4. Executive hereby agrees that he shall not do any of the following on or
prior to the Repayment Date without the prior written consent of the President
or the Board of Directors of the Company:
(a) Carry on anywhere in the United States any business or activity
(whether directly or indirectly, as a partner, shareholder, principal, agent,
director, affiliate or consultant) which is directly competitive with the
business conducted by the Company at the time of termination of Executive's
employment. It is agreed that ownership of no more than one percent of the
outstanding voting stock of a publicly traded corporation, ownership of no more
than five percent of the outstanding voting stock of a privately held
corporation or ownership of no more than ten percent of the limited partnership
interests of a partnership shall not constitute a violation of this provision.

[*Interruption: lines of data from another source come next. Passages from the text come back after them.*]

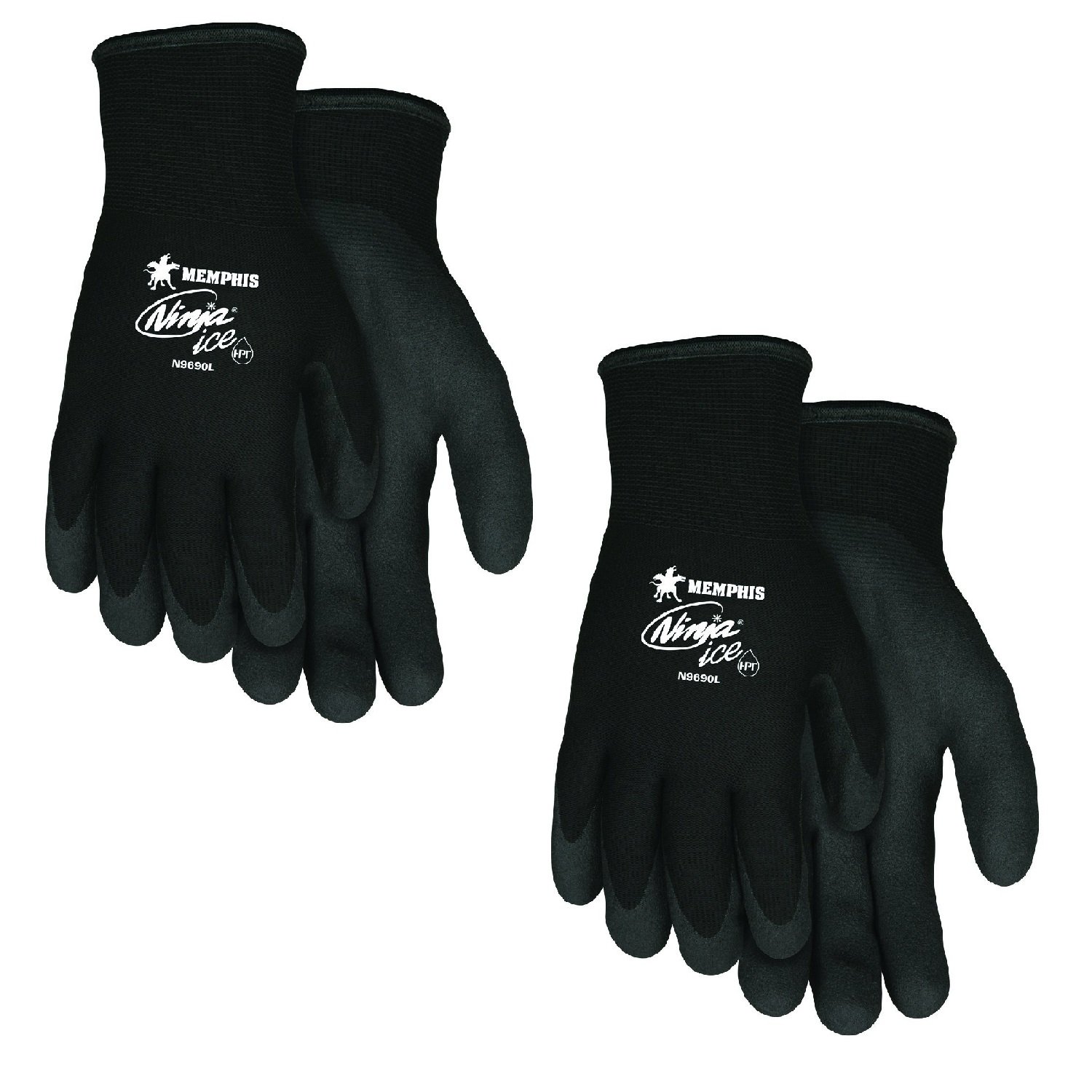 MCR Safety Memphis N9690S Black Unisex Protective Gloves, Size Small (Pack of 2)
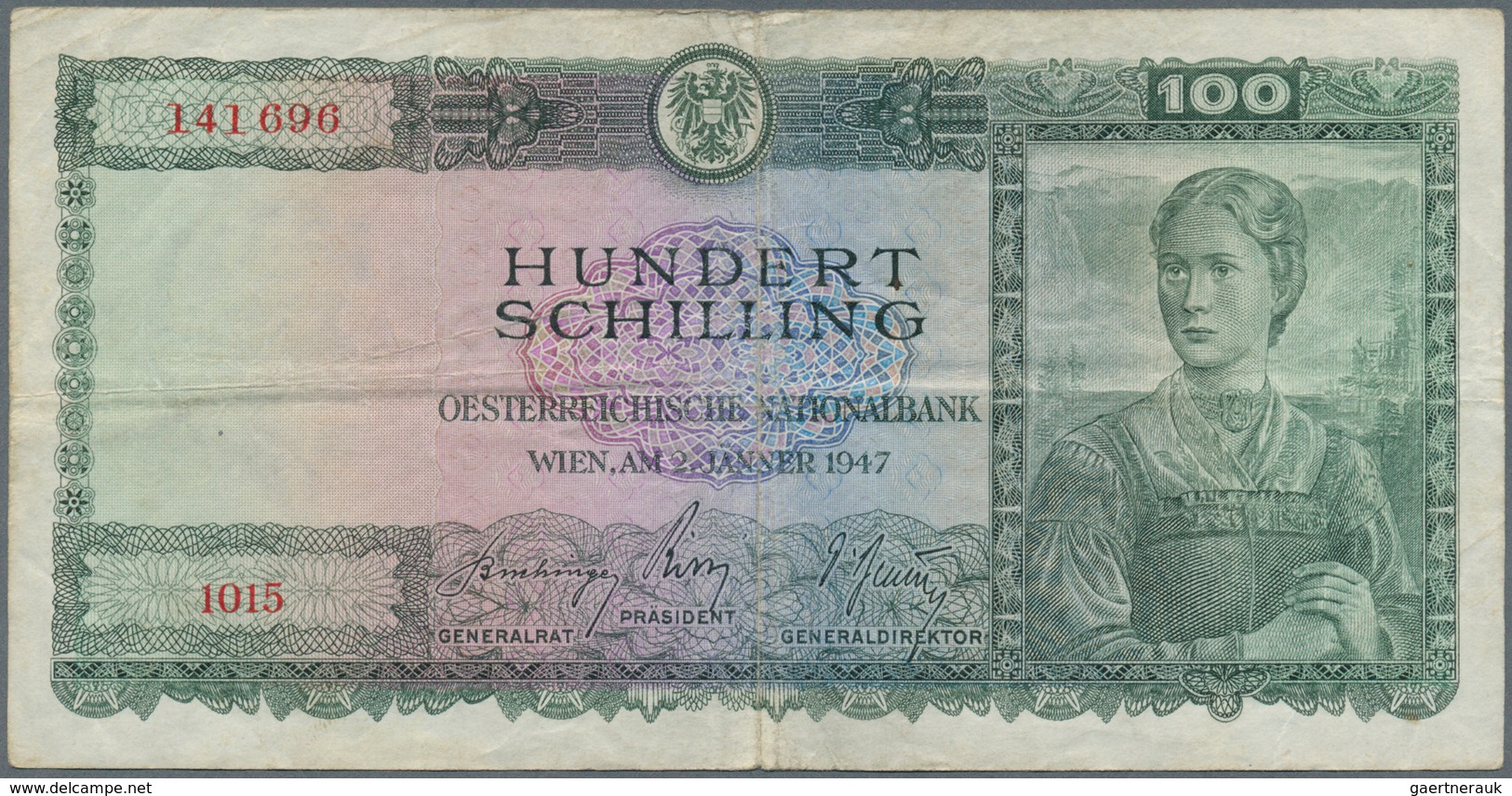 Austria / Österreich: 100 Schilling 1947, P.124, Stained Paper With Several Folds And Tiny Tears At - Austria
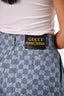 Gucci Blue Denim GG Supreme High Waisted A Line Shorts Size 38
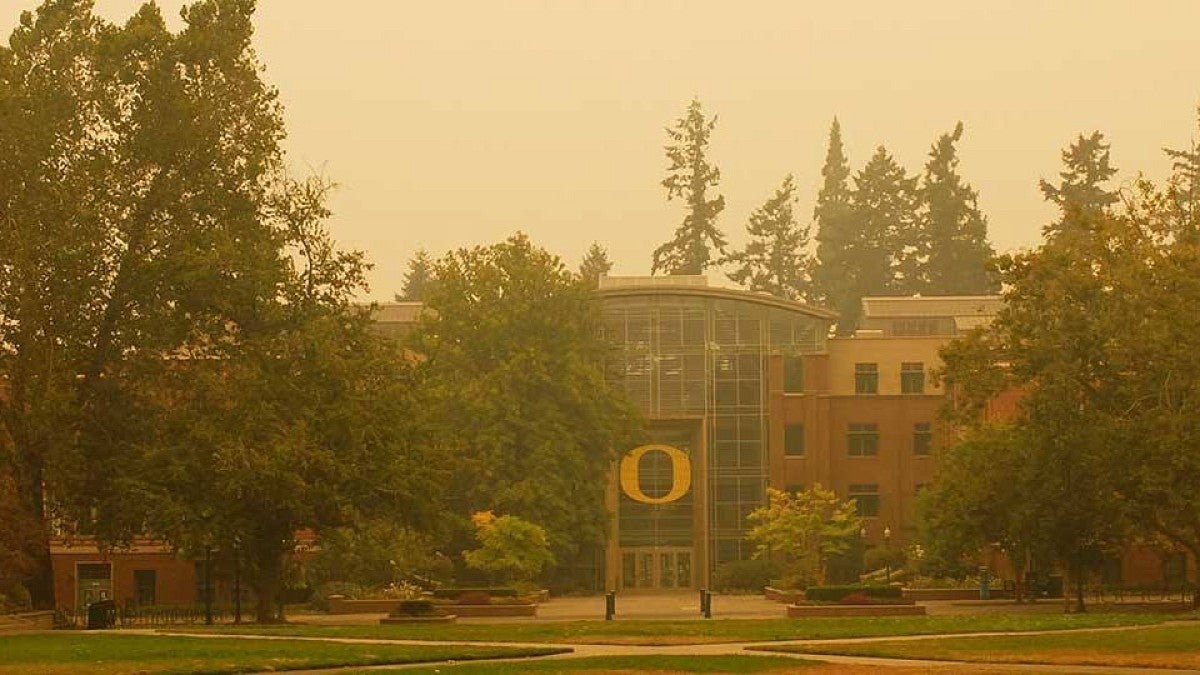 The Lillis Business Complex in a thick layer of wildfire smoke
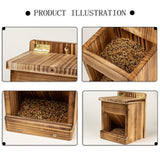 BalterFF Bird Feeders for Outdoors,Wooden Unique Seed Sunflower Food Feeder Blue Cardinal Finch Backyard Platform Balcony Gazebo Tree Fence Wall BalterFF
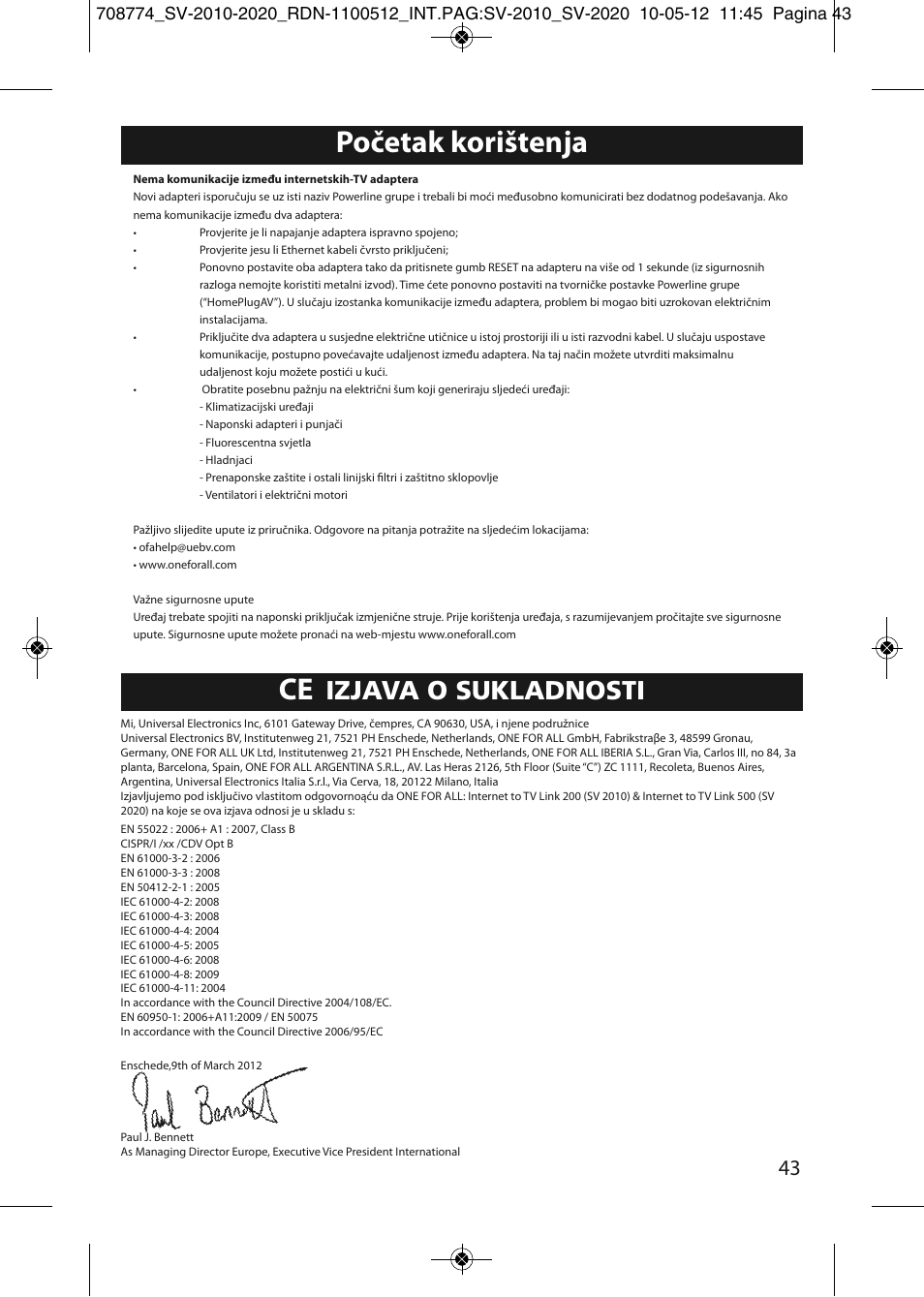 Početak korištenja, Izjava o sukladnosti | One for All SV 2010 Internet to TV Link 200Mbps User Manual | Page 41 / 50
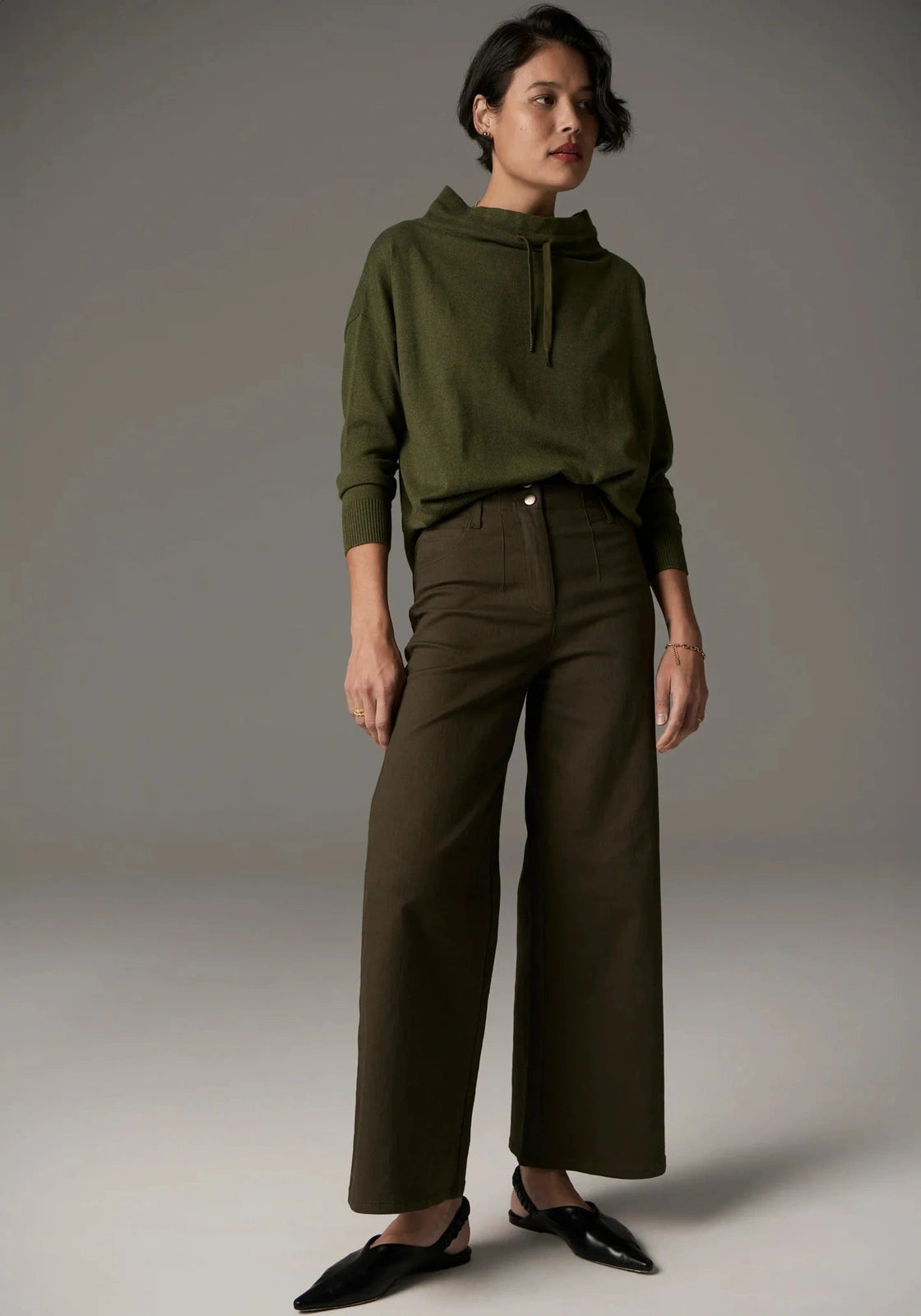 POL Beech Drawcord Knit Khaki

(b) Solicit or influence or attempt to influence any client, customer
or other person either directly or indirectly, to direct, his or its purchase of
the Company's products and/or services to any person, firm, corporation,
institution or other entity in competition with the business of the Company.
(c) Solicit or influence or attempt to influence any person employed by
the Company to terminate or otherwise cease his employment with the Company or
become an employee of any competitor of the Company.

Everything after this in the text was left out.